# What is a relational database?

A relational database is a collection of connected tables that store and manage data efficiently while maintaining integrity and eliminating redundancy. It follows the relational model, where data is organized into tables that are linked through keys.

**Key features of a relational database**
* Each table is made up of rows (tuples) and columns (attributes).
* It prevents duplicate rows and creates relationships between tables.
* Data should be stored without repeating groups.
* Constraints are used to enforce data integrity and consistency.
* SQL is used to retrieve, insert, update, and delete data.

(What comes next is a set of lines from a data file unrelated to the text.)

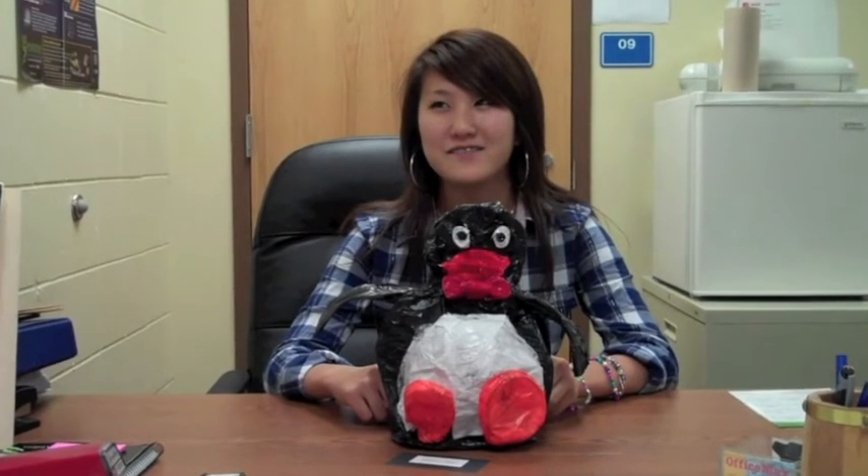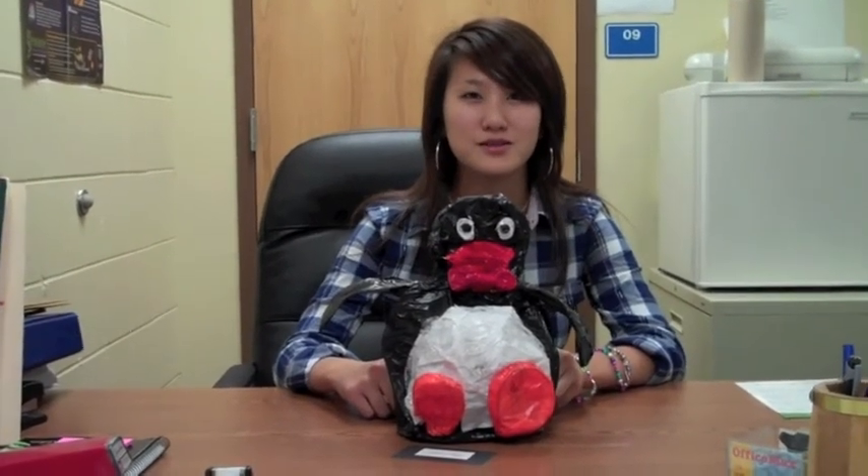I found this project to be exciting and fun because I've never made a wire project before, so this is a new experience for me in art, and I really enjoyed it.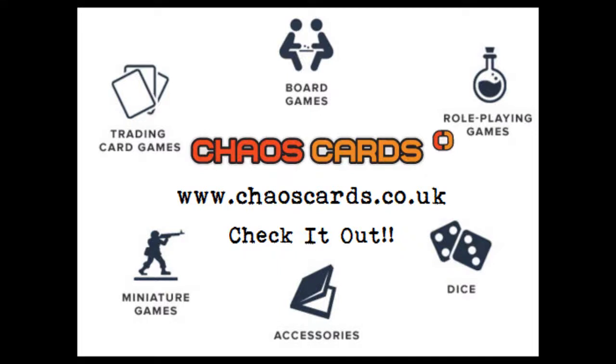All products in this video were bought from Chaos Cards, where you can also buy other trading card games, board games, role playing games, dice, accessories for said board or card games, and miniature games.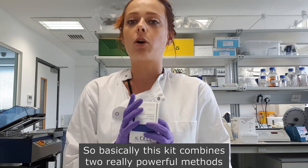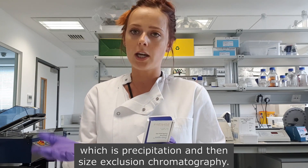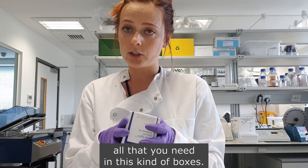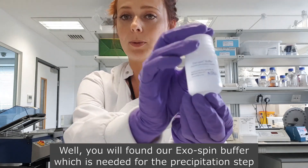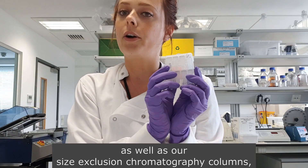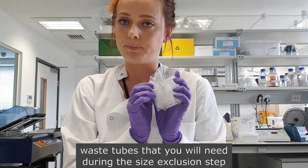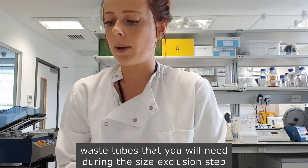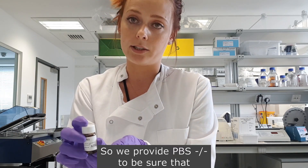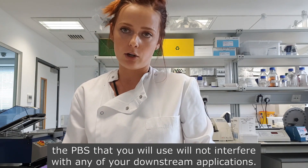This kit combines two really powerful methods: precipitation and then size exclusion chromatography. We ship everything you need in the kit. You will find our Exospin buffer, which is needed for the precipitation step, as well as our size exclusion chromatography columns, waste tubes needed during the size exclusion step, and we also provide PBS minus minus to ensure it will not interfere with any of your downstream applications.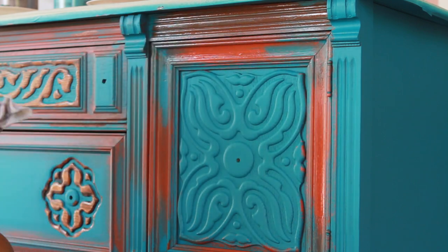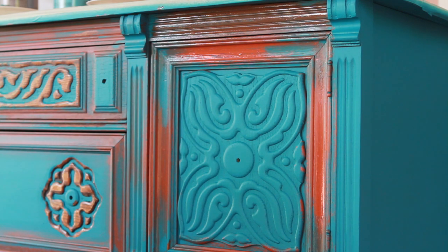The idea I'm going for here is more like a rust spot wash versus a solid color.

> **Constraints** -> Primary Key (PK), Foreign Key (FK), NOT NULL, UNIQUE, CHECK, DEFAULT.

# Database Keys

In a relational database, a **key** is a **column/attribute** or **a set of columns/attribute** that uniquely identifies each row in a table. 
* Keys ensure data integrity, prevent duplicates and create relationships between tables.
* Without keys, data can become inconsistent, duplicate records can appear, and searching for specific information becomes slow.
* Having a unique column helps, but uniqueness isn’t limited to just a single column. 
* A key can consist of one or multiple columns, ensuring each row remains distinct in the table.

# Types of database keys

## Primary key

* A primary key is a designated column (or a combination of columns) that uniquely identifies each row in a table.
* It ensures that no two rows have the same value.

![image.png](attachment:b3128931-31cb-4106-881f-1028357f267d.png)

The `Email` column uniquely identifies each customer, preventing duplicate entries and ensuring efficient data retrieval.

**EXAMPLE**:

```mysql
CREATE TABLE Employees (
    EmpID   INT AUTO_INCREMENT PRIMARY KEY,
    EmpName VARCHAR(100),
    Salary  DECIMAL(10, 2)
);

-- ADD PRIMARY KEY Constraints via ALTER TABLE

ALTER TABLE Employees
ADD PRIMARY KEY (EmpID),
MODIFY EmpID INT(11) AUTO_INCREMENT;

-- AUTO_INCREMENT and PRIMARY KEY can be applied to an existing column using MODIFY as follows:
ALTER TABLE TableName
MODIFY ColumnName datatype AUTO_INCREMENT PRIMARY KEY;

ALTER TABLE Employees
MODIFY EmpID INT AUTO_INCREMENT PRIMARY KEY;

-- AUTO_INCREMENT can be removed using MODIFY as follows:
ALTER TABLE TableName
MODIFY ColumnName datatype;

-- PRIMARY KEY can be removed using DROP as follows:
ALTER TABLE TableName
DROP        PRIMARY KEY;

```

## Composite key

* A composite key consists of two or more columns that together form a unique identifier.
* A primary key can also be a composite key.

![image.png](attachment:49bd8e22-6425-4221-82e4-87aa6d87d5d3.png)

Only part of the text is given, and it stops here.